New Southwoods board elections urged

The chairman of Southwoods Golf and Country Club has vowed to call for a fresh round of elections for the organization’s board of directors, after a group of shareholders criticized the conduct of the group’s last annual meeting held recently.

More importantly, businessman Robert John Sobrepeña said he would not stand for re-election of the controversial golf club during elections, which he will call within 90 days of the next board meeting.

“To make sure that there is no doubt as to my intentions, I now declare that I am not seeking re-election at the next election which I promised will be called sooner than later,” he said in a letter distributed recently to Southwoods shareholders.

“Another election will be called 90 days from the next board meeting,” Sobrepaña added. “Our intent is to buy time to instill a club order, an election code, and conduct defining the proper garnering of votes for board seats.”

Located south of Manila, Southwoods—considered one of the most promising golf clubs when it was founded in the 1990s—has remained largely stagnant, according to a so-called “reform bloc” of shareholders, who blame the organization’s dipping fortunes to Sobrepeña’s group.

The reform group recently threatened to “take legal action” against Sobrepeña’s for allegedly making the organization’s annual meeting fall short of a quorum on purpose.

The move—where Sobrepeña registered only one of his 44 validated proxies during last week’s members’ meeting—was meant to make efforts to revamp the board fail, thereby allowing the chairman to remain in power.

In his letter, Sobrepeña defended his group’s decision not to register all the proxies they held—which resulted in the organization’s failure to conduct an annual meeting—saying that the efforts of the reformist members were “ill-spirited” and “attended with irregularities heretofore not witnessed in the election process of the club.”

“To site a gross irregularity, 159 proxies submitted by the so-called reform group block were forgeries,” Sobrepeña said. “This attempt to frustrate the will of the stockholders by resorting to forgeries simply cannot be countenanced.”
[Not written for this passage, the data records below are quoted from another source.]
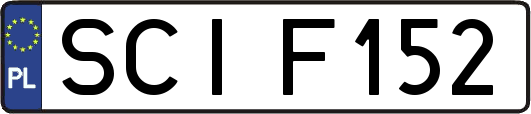 SCIF152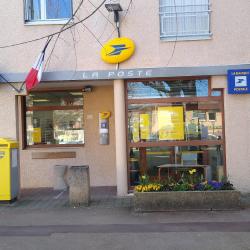 La Poste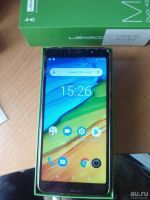 Лот: 15665545. Фото: 5. Смартфон Leagoo m9 pro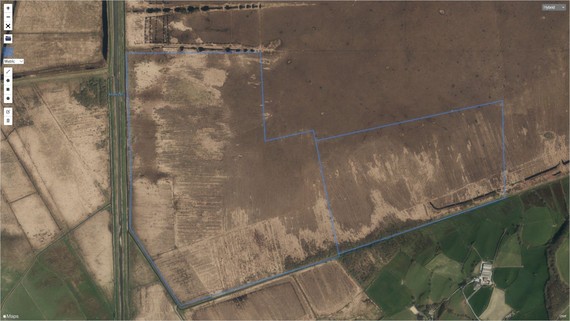 cors fochno LIDAR image 2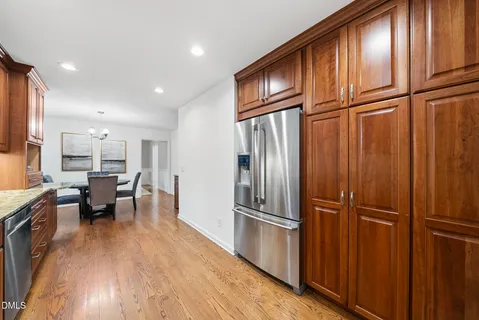 $575,000 | 3404 Timberwood Court, Raleigh, NC 27606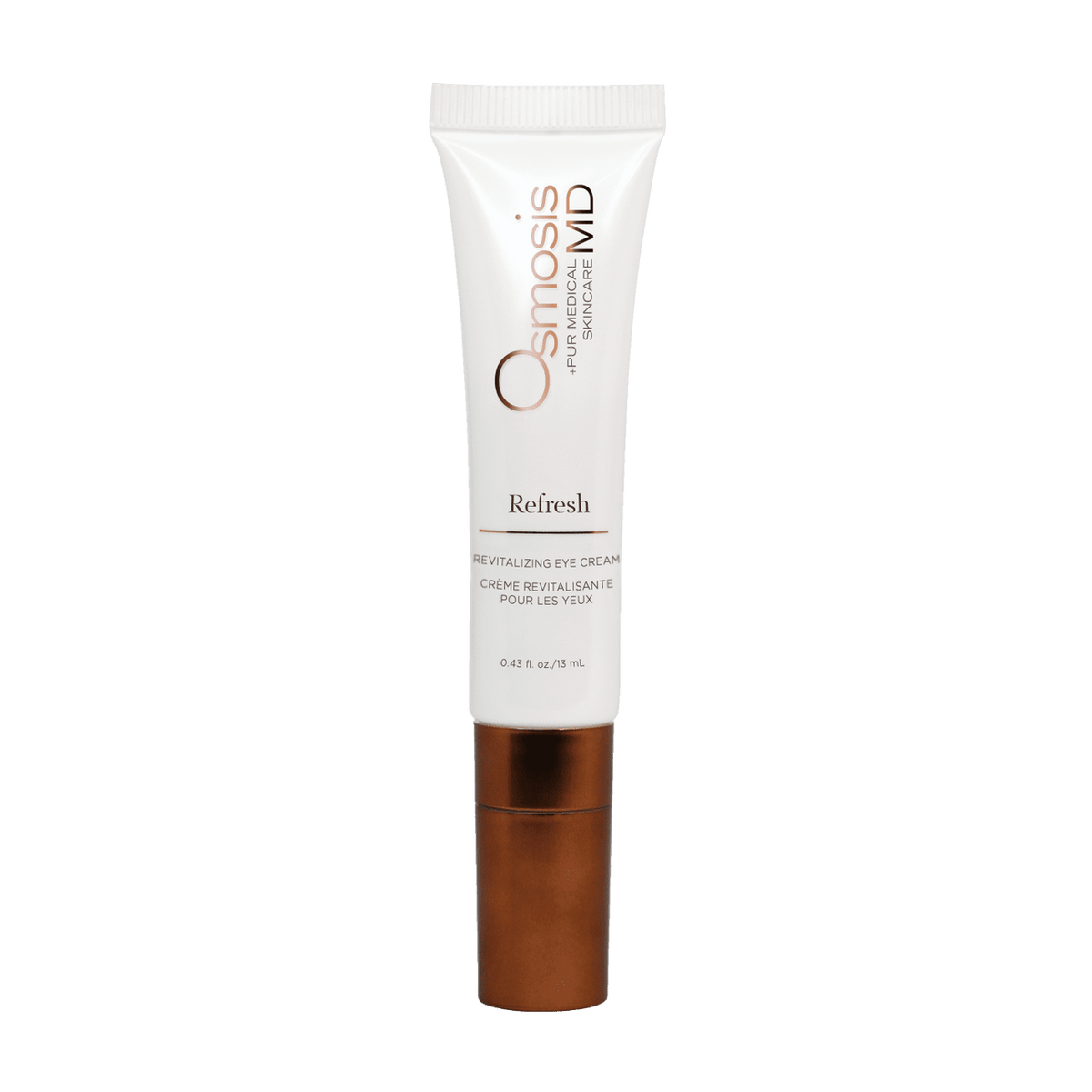 Osmosis Refresh - Revitalizing Eye Cream 0.43oz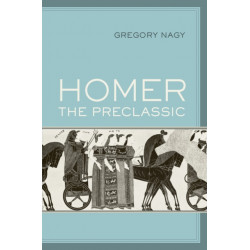 Homer the Preclassic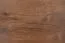 TV-Unterschrank Selun 12, Farbe: Eiche Dunkelbraun - Abmessungen: 47 x 170 x 43 cm (H x B x T)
“It is one thing to aspire for a seat in the board or even to covet one but quite another to use dishonest means to secure that seat,” Sobrepaña added. “We felt it was our duty to insure that this type of ‘do anything to win’ behavior does not set a precedent that will then form part of our club culture in the future.”

The Southwoods chairman also proposed the adoption of an election code for the upcoming board elections in an effort to have a more orderly process, and appealed to the the club members to spare those who volunteer to run the organization from “personal attacks.”